__ABOUT THIS TASK__: No pictures in the copy. Write out the listing below exactly.

(SOURCE MATERIAL begins)

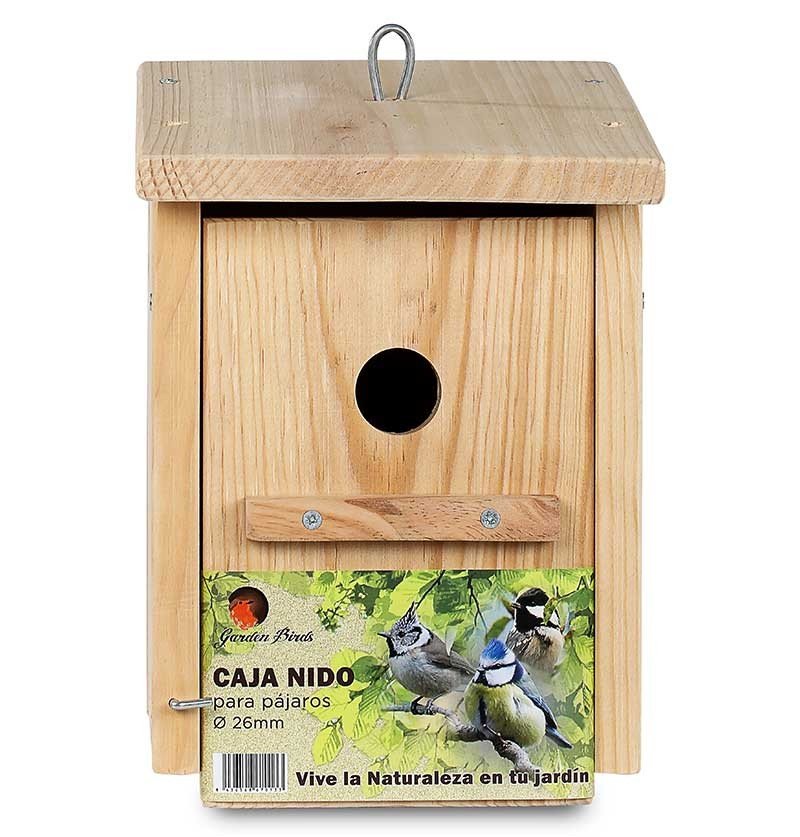 caja nido de madera para pjaros para colgar 26mm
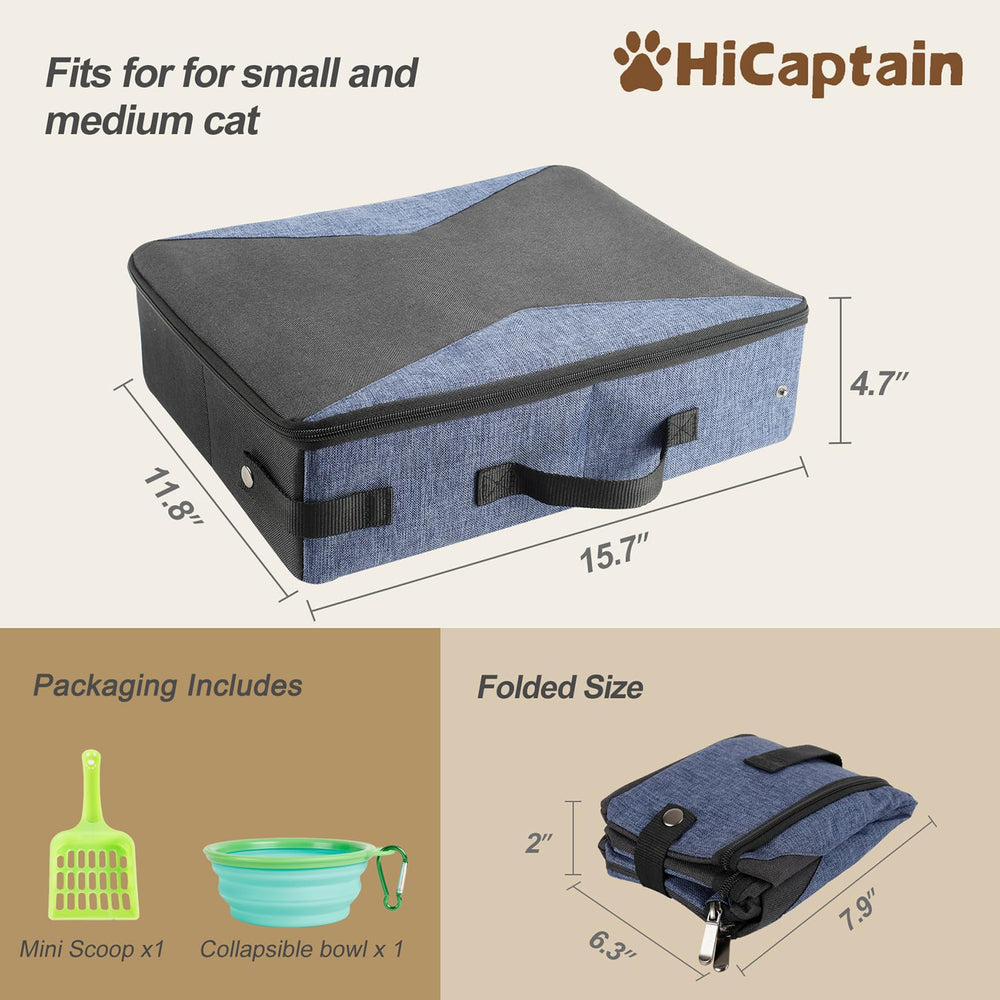 HiCaptain collapsible cat litter box with lid and dual handles for transport.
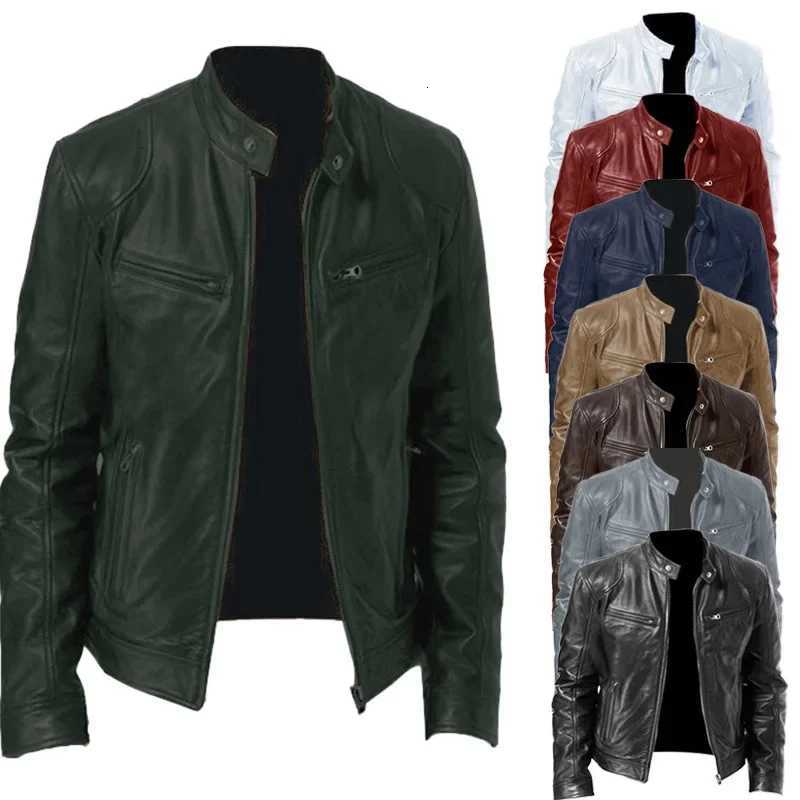 Mens Leather Jacket Autumn Winter Business Gentleman Warm Zipper Cardigan Pocket PU Leather Jacket Stand Collar Slim Coat W251023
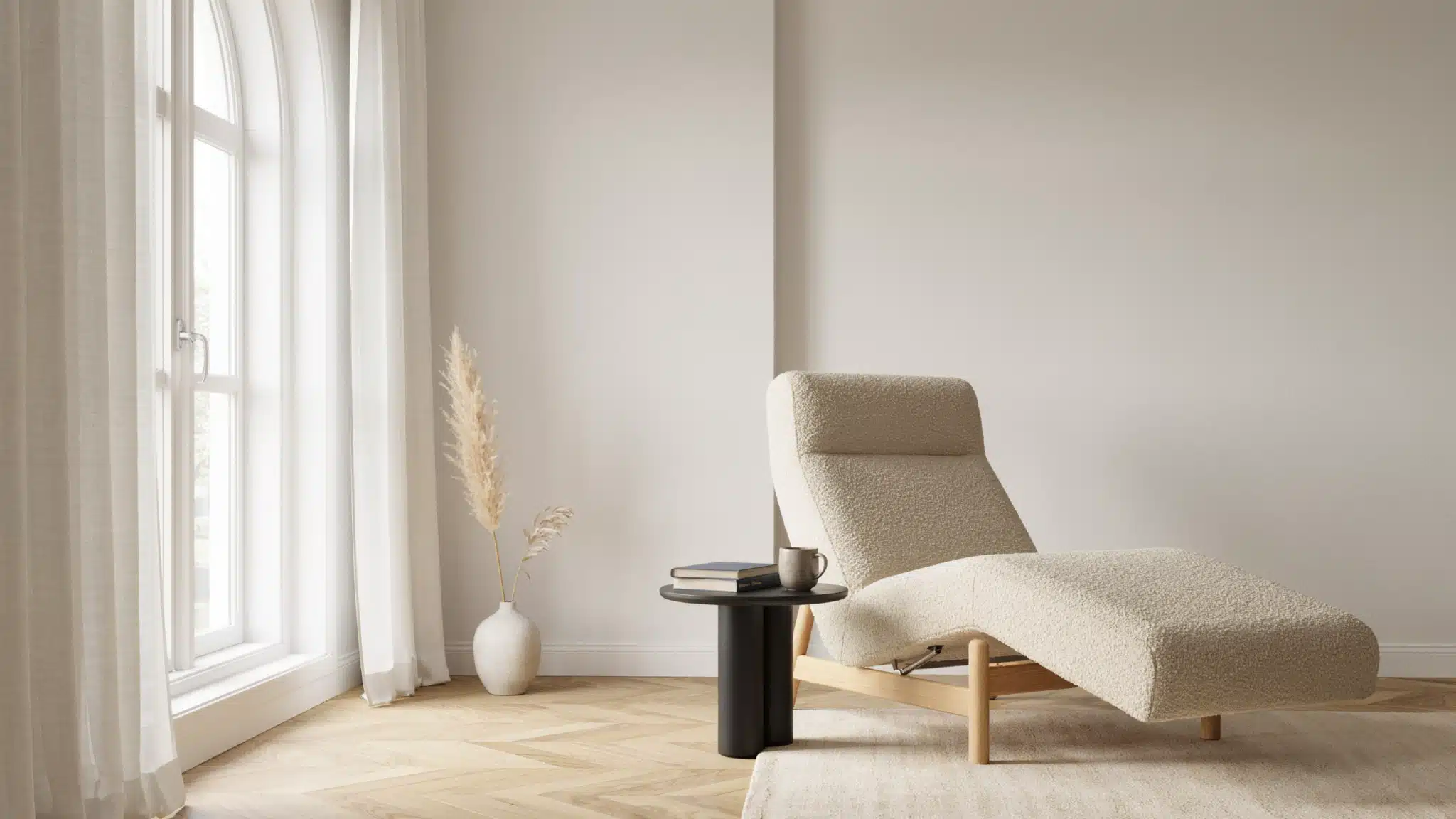 Chaise recliner chair extended seating design supporting full leg stretch in minimalist roominterior.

(SOURCE MATERIAL ends)

__WRITTEN ANSWER__:
 caja nido de madera para pjaros para colgar 26mm
 HiCaptain collapsible cat litter box with lid and dual handles for transport.
 Mens Leather Jacket Autumn Winter Business Gentleman Warm Zipper Cardigan Pocket PU Leather Jacket Stand Collar Slim Coat W251023
 Chaise recliner chair extended seating design supporting full leg stretch in minimalist roominterior.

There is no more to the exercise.